--- DATA SUPPLIED Enclosed Below ---
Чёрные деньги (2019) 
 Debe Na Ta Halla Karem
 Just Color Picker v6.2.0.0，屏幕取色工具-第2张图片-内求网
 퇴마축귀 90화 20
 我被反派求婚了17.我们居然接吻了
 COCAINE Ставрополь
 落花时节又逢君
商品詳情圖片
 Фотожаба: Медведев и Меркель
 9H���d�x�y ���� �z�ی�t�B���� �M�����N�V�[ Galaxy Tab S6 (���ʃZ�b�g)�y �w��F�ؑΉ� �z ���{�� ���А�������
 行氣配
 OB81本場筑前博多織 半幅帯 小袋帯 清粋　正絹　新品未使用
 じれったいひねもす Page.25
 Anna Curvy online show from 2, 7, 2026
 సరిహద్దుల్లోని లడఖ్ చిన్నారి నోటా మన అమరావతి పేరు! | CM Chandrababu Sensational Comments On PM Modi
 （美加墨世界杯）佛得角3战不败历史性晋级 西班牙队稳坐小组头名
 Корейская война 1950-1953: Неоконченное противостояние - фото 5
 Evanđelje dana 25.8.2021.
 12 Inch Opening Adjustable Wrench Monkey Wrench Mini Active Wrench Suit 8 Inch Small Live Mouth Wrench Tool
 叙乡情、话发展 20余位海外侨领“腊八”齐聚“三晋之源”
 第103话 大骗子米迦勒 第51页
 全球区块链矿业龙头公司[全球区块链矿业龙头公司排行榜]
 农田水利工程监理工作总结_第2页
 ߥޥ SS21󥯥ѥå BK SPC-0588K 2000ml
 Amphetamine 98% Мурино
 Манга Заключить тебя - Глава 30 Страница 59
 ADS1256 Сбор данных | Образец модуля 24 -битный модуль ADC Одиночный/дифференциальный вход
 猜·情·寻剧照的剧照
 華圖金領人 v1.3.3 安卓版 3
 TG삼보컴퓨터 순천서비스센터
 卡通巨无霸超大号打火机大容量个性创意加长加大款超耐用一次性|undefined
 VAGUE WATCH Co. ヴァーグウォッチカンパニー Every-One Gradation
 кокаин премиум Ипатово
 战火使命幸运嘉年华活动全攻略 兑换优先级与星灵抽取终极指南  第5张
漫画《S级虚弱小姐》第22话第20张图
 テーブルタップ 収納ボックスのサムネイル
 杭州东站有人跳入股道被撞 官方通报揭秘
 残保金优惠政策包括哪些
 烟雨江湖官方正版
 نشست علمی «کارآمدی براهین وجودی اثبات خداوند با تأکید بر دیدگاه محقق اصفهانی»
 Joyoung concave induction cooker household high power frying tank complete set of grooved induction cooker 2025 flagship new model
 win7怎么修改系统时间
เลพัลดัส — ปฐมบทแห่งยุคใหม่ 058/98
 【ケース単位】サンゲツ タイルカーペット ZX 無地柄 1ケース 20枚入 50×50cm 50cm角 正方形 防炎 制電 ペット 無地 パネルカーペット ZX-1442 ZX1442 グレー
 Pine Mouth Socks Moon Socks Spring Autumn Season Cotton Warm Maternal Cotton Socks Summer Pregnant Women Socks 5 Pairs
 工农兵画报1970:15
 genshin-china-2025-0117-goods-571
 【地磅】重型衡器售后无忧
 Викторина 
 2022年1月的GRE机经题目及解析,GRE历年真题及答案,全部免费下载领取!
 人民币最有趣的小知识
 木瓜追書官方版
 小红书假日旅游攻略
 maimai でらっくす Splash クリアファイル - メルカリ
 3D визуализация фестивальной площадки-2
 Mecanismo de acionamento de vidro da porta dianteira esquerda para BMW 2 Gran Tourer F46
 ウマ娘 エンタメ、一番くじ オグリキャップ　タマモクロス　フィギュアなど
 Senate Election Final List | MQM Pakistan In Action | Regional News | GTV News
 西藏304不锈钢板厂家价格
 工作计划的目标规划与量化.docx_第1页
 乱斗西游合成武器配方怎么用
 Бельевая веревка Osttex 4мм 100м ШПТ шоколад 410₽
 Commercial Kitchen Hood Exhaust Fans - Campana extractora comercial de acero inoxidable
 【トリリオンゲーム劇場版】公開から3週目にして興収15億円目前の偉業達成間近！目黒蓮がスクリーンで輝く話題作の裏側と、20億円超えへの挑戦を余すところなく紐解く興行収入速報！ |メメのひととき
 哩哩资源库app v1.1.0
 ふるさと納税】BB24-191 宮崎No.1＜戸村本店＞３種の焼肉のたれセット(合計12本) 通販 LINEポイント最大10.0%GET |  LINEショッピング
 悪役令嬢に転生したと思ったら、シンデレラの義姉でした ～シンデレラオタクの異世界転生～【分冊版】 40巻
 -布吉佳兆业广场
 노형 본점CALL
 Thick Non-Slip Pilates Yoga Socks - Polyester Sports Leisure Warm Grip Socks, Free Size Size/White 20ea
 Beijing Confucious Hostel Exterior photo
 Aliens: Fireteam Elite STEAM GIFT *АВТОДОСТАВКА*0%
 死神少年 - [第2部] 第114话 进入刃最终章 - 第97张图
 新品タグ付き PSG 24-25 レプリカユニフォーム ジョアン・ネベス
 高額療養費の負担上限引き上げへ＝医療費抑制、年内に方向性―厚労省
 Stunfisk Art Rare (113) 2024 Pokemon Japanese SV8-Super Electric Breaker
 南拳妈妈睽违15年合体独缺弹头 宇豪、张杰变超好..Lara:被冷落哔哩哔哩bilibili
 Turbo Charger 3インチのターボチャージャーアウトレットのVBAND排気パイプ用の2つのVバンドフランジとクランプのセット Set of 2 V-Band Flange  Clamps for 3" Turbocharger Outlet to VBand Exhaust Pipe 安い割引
--- End of Enclosed DATA SUPPLIED ---
- [EXERCISE GOAL]
Your task is to repeat the data exactly; please include every line.

- [RESPONSE TO THE TASK]
Чёрные деньги (2019) 
 Debe Na Ta Halla Karem
 Just Color Picker v6.2.0.0，屏幕取色工具-第2张图片-内求网
 퇴마축귀 90화 20
 我被反派求婚了17.我们居然接吻了
 COCAINE Ставрополь
 落花时节又逢君
商品詳情圖片
 Фотожаба: Медведев и Меркель
 9H���d�x�y ���� �z�ی�t�B���� �M�����N�V�[ Galaxy Tab S6 (���ʃZ�b�g)�y �w��F�ؑΉ� �z ���{�� ���А�������
 行氣配
 OB81本場筑前博多織 半幅帯 小袋帯 清粋　正絹　新品未使用
 じれったいひねもす Page.25
 Anna Curvy online show from 2, 7, 2026
 సరిహద్దుల్లోని లడఖ్ చిన్నారి నోటా మన అమరావతి పేరు! | CM Chandrababu Sensational Comments On PM Modi
 （美加墨世界杯）佛得角3战不败历史性晋级 西班牙队稳坐小组头名
 Корейская война 1950-1953: Неоконченное противостояние - фото 5
 Evanđelje dana 25.8.2021.
 12 Inch Opening Adjustable Wrench Monkey Wrench Mini Active Wrench Suit 8 Inch Small Live Mouth Wrench Tool
 叙乡情、话发展 20余位海外侨领“腊八”齐聚“三晋之源”
 第103话 大骗子米迦勒 第51页
 全球区块链矿业龙头公司[全球区块链矿业龙头公司排行榜]
 农田水利工程监理工作总结_第2页
 ߥޥ SS21󥯥ѥå BK SPC-0588K 2000ml
 Amphetamine 98% Мурино
 Манга Заключить тебя - Глава 30 Страница 59
 ADS1256 Сбор данных | Образец модуля 24 -битный модуль ADC Одиночный/дифференциальный вход
 猜·情·寻剧照的剧照
 華圖金領人 v1.3.3 安卓版 3
 TG삼보컴퓨터 순천서비스센터
 卡通巨无霸超大号打火机大容量个性创意加长加大款超耐用一次性|undefined
 VAGUE WATCH Co. ヴァーグウォッチカンパニー Every-One Gradation
 кокаин премиум Ипатово
 战火使命幸运嘉年华活动全攻略 兑换优先级与星灵抽取终极指南  第5张
漫画《S级虚弱小姐》第22话第20张图
 テーブルタップ 収納ボックスのサムネイル
 杭州东站有人跳入股道被撞 官方通报揭秘
 残保金优惠政策包括哪些
 烟雨江湖官方正版
 نشست علمی «کارآمدی براهین وجودی اثبات خداوند با تأکید بر دیدگاه محقق اصفهانی»
 Joyoung concave induction cooker household high power frying tank complete set of grooved induction cooker 2025 flagship new model
 win7怎么修改系统时间
เลพัลดัส — ปฐมบทแห่งยุคใหม่ 058/98
 【ケース単位】サンゲツ タイルカーペット ZX 無地柄 1ケース 20枚入 50×50cm 50cm角 正方形 防炎 制電 ペット 無地 パネルカーペット ZX-1442 ZX1442 グレー
 Pine Mouth Socks Moon Socks Spring Autumn Season Cotton Warm Maternal Cotton Socks Summer Pregnant Women Socks 5 Pairs
 工农兵画报1970:15
 genshin-china-2025-0117-goods-571
 【地磅】重型衡器售后无忧
 Викторина 
 2022年1月的GRE机经题目及解析,GRE历年真题及答案,全部免费下载领取!
 人民币最有趣的小知识
 木瓜追書官方版
 小红书假日旅游攻略
 maimai でらっくす Splash クリアファイル - メルカリ
 3D визуализация фестивальной площадки-2
 Mecanismo de acionamento de vidro da porta dianteira esquerda para BMW 2 Gran Tourer F46
 ウマ娘 エンタメ、一番くじ オグリキャップ　タマモクロス　フィギュアなど
 Senate Election Final List | MQM Pakistan In Action | Regional News | GTV News
 西藏304不锈钢板厂家价格
 工作计划的目标规划与量化.docx_第1页
 乱斗西游合成武器配方怎么用
 Бельевая веревка Osttex 4мм 100м ШПТ шоколад 410₽
 Commercial Kitchen Hood Exhaust Fans - Campana extractora comercial de acero inoxidable
 【トリリオンゲーム劇場版】公開から3週目にして興収15億円目前の偉業達成間近！目黒蓮がスクリーンで輝く話題作の裏側と、20億円超えへの挑戦を余すところなく紐解く興行収入速報！ |メメのひととき
 哩哩资源库app v1.1.0
 ふるさと納税】BB24-191 宮崎No.1＜戸村本店＞３種の焼肉のたれセット(合計12本) 通販 LINEポイント最大10.0%GET |  LINEショッピング
 悪役令嬢に転生したと思ったら、シンデレラの義姉でした ～シンデレラオタクの異世界転生～【分冊版】 40巻
 -布吉佳兆业广场
 노형 본점CALL
 Thick Non-Slip Pilates Yoga Socks - Polyester Sports Leisure Warm Grip Socks, Free Size Size/White 20ea
 Beijing Confucious Hostel Exterior photo
 Aliens: Fireteam Elite STEAM GIFT *АВТОДОСТАВКА*0%
 死神少年 - [第2部] 第114话 进入刃最终章 - 第97张图
 新品タグ付き PSG 24-25 レプリカユニフォーム ジョアン・ネベス
 高額療養費の負担上限引き上げへ＝医療費抑制、年内に方向性―厚労省
 Stunfisk Art Rare (113) 2024 Pokemon Japanese SV8-Super Electric Breaker
 南拳妈妈睽违15年合体独缺弹头 宇豪、张杰变超好..Lara:被冷落哔哩哔哩bilibili
 Turbo Charger 3インチのターボチャージャーアウトレットのVBAND排気パイプ用の2つのVバンドフランジとクランプのセット Set of 2 V-Band Flange  Clamps for 3" Turbocharger Outlet to VBand Exhaust Pipe 安い割引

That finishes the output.